INSTRUCTIONS FOR THE TASK -
Wherever a line of the listing holds the string "glass", copy that line.

:: SOURCE DATA ::

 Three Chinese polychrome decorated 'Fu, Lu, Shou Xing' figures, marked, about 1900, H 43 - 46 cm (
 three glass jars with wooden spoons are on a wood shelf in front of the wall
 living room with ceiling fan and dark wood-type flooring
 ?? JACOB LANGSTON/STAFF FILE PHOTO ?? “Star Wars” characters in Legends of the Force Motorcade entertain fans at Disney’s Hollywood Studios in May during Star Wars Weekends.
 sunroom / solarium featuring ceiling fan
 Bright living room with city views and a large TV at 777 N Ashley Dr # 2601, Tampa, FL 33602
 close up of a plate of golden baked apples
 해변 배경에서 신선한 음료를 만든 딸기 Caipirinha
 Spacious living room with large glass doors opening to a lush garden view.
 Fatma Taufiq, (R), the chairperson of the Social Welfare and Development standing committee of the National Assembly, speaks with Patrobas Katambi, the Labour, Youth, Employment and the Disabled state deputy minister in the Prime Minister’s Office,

:::
:: SOURCE DATA ::

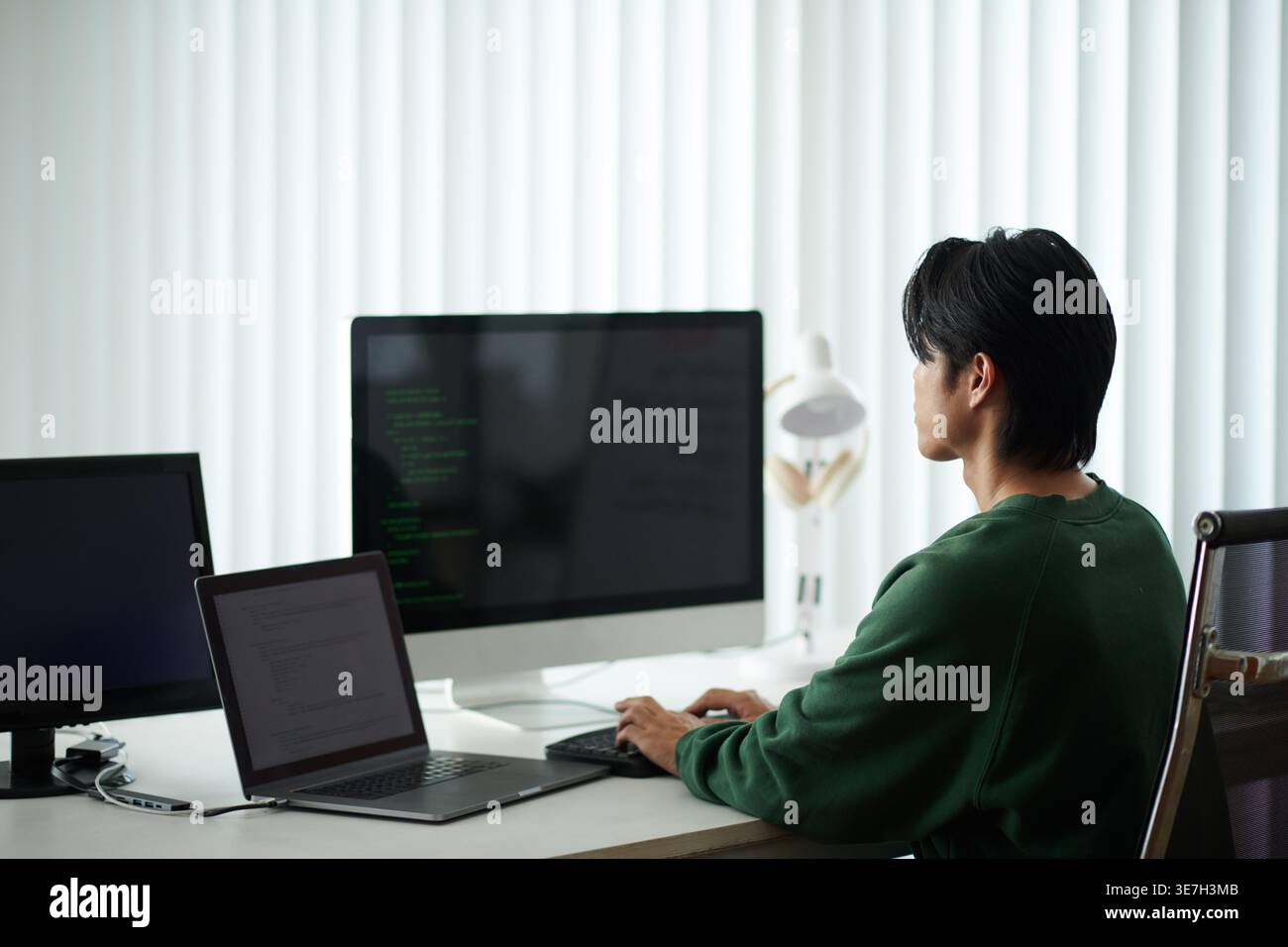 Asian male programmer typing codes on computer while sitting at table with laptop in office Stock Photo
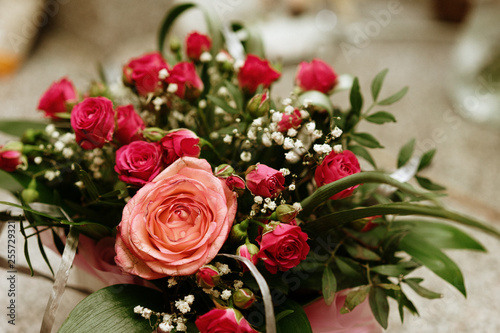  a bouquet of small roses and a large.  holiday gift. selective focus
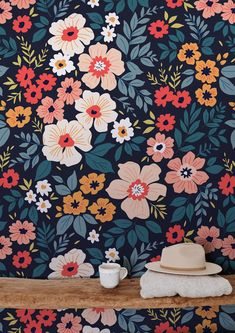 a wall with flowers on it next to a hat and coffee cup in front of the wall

:::
:: SOURCE DATA ::

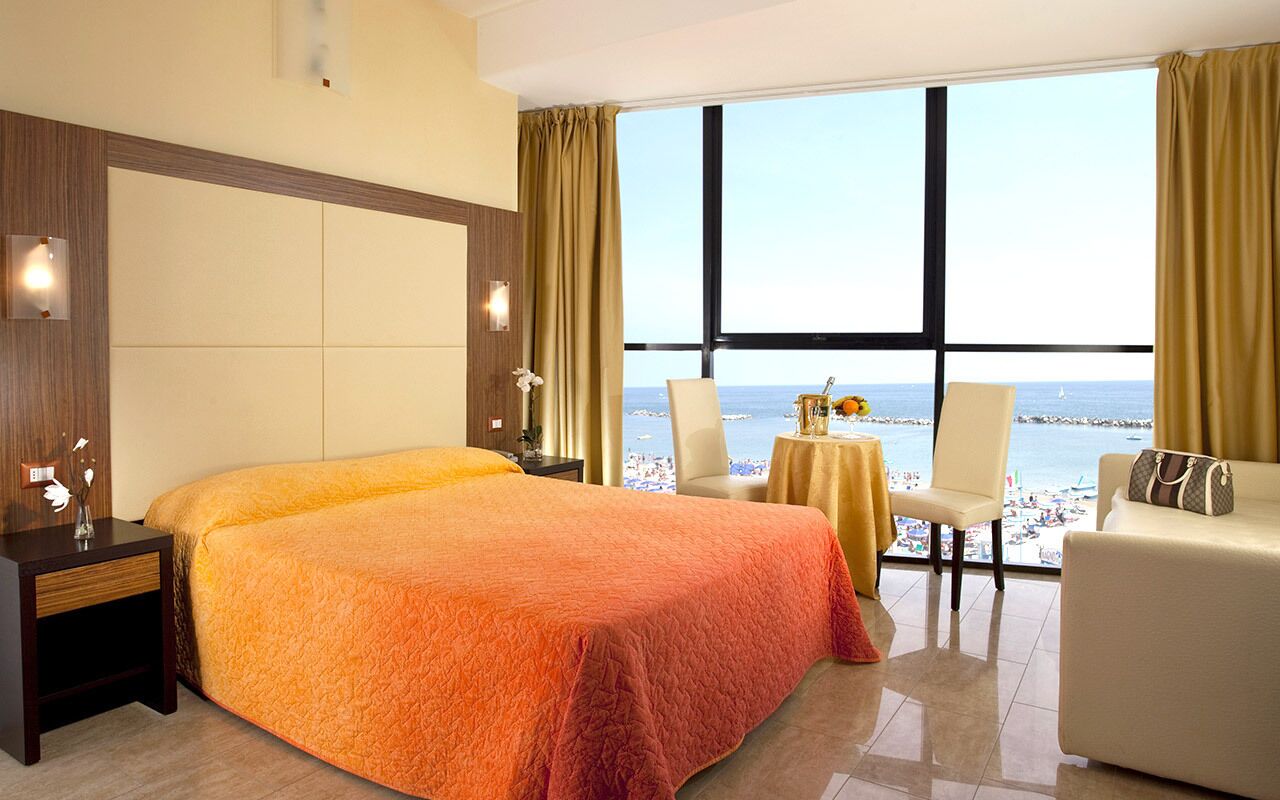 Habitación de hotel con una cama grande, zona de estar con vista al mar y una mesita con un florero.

:::

RESPONSE BOX -
 three glass jars with wooden spoons are on a wood shelf in front of the wall
 Spacious living room with large glass doors opening to a lush garden view.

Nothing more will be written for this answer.